* **Supplied records**
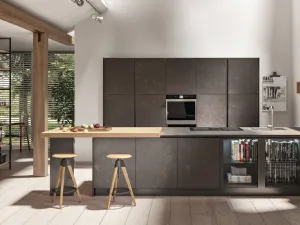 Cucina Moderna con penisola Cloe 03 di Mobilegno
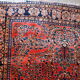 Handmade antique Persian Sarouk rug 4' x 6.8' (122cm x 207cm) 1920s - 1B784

* * *

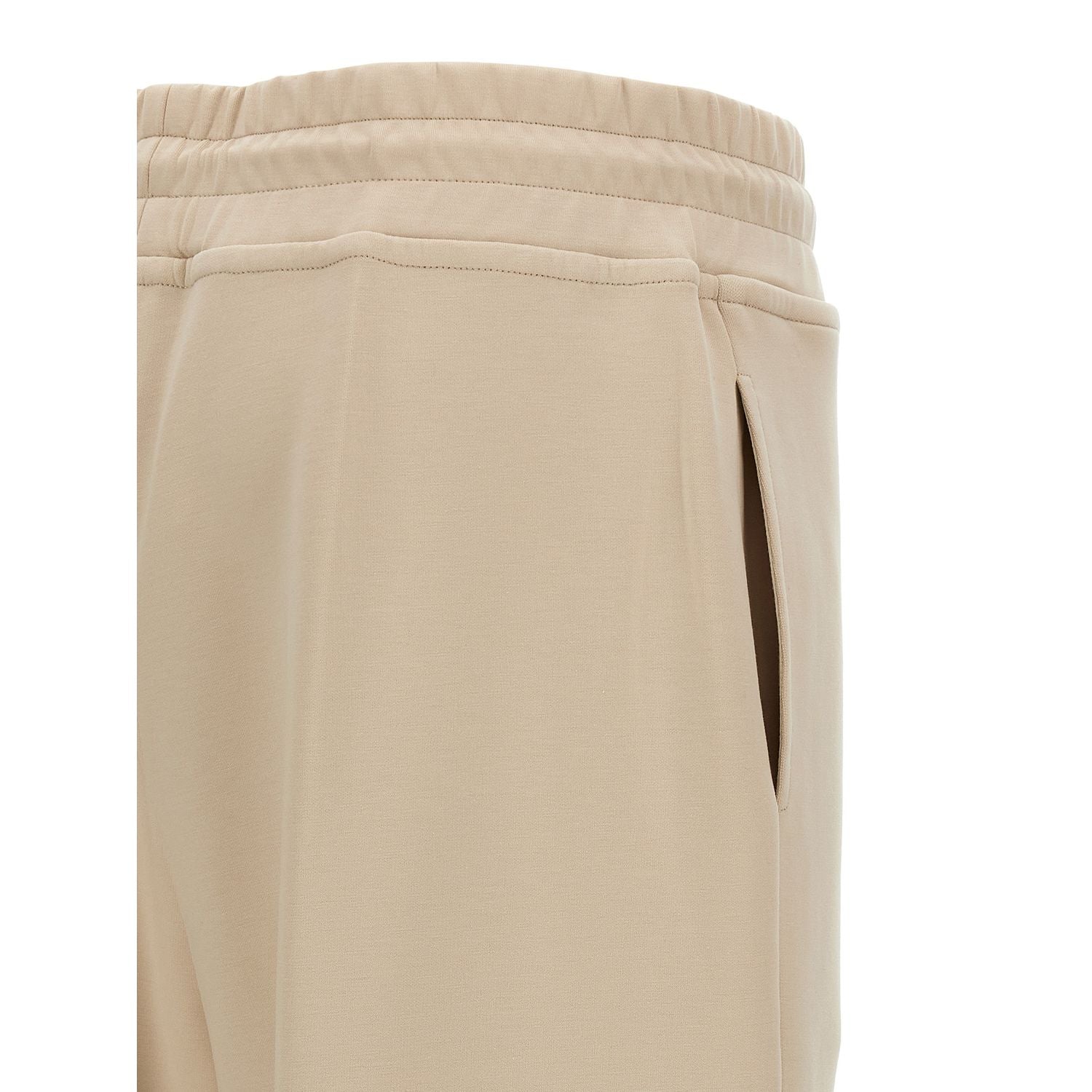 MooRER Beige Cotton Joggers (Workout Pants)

* * *

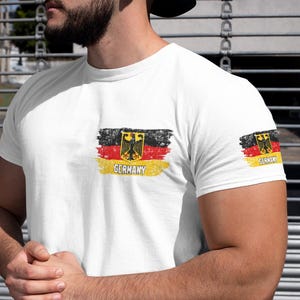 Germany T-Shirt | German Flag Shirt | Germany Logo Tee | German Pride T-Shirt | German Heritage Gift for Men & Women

* **Required action**
Copy exactly the lines of the entries above from the one containing "Cucina Moderna con" through the one containing "Handmade antique Persian". Both end lines count; pictures do not.

* **Written reply**
 Cucina Moderna con penisola Cloe 03 di Mobilegno
 Handmade antique Persian Sarouk rug 4' x 6.8' (122cm x 207cm) 1920s - 1B784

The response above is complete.